Approximate the eigenvectors and eigenvalues numerically using the known eigenvectors with ##\alpha = 0## (That means I am asked to truncate the infinitely large matrix and find the eigenvectors and eigenvalues of the truncated matrix)
Relevant Equations
$$E = \hbar \omega (n+\frac{1}{2})$$
For the off-diagonal term, it is obvious that (p^2+q^2) returns 0 in the integration (##<m|p^2+q^2|n> = E<m|n> = 0##). However, (pq+qp) seems to give a complicated expression because of the complicated wavefunctions of a quantum harmonic oscillator. I wonder whether there is a good method to compute the Hmn terms?

Try using the creation and annihilation operators.

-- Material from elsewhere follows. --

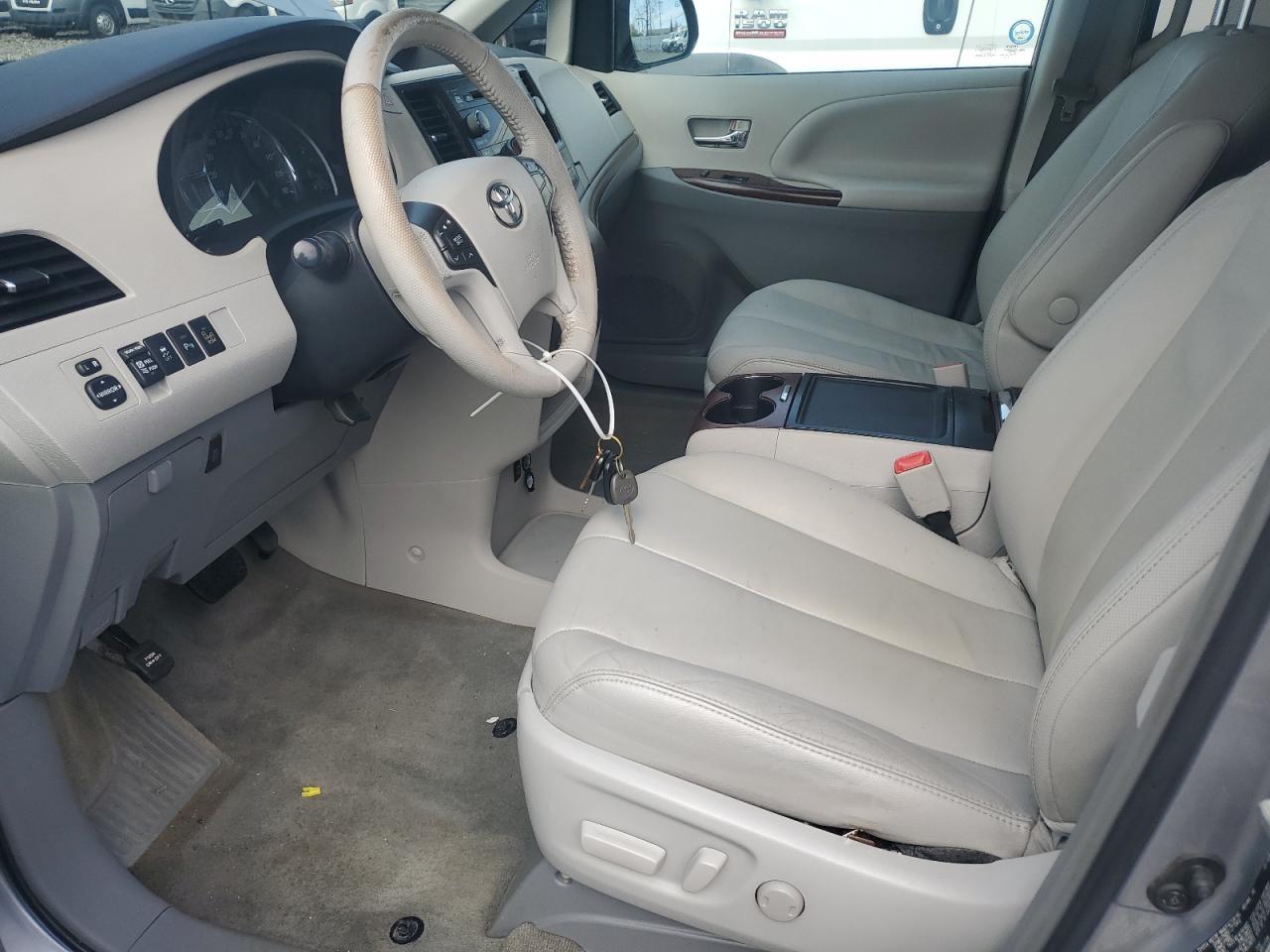 2013 TOYOTA SIENNA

hutchphd, Abhishek11235 and Mayan Fung
vela said:
Try using the creation and annihilation operators.

Thanks! It helps a lot.

I also tried to solve it analytically by substituting:
$$\hat{p'} = \hat{p} + \hat{q}$$
$$\hat{q'} = \hat{p} - \hat{q}$$
I finally got something like ##\hat{H} = a\hat{p'} + b\hat{q'} ##

However, ##p',q'## are composed of both p and q. How I can get the wavefunction in the q space?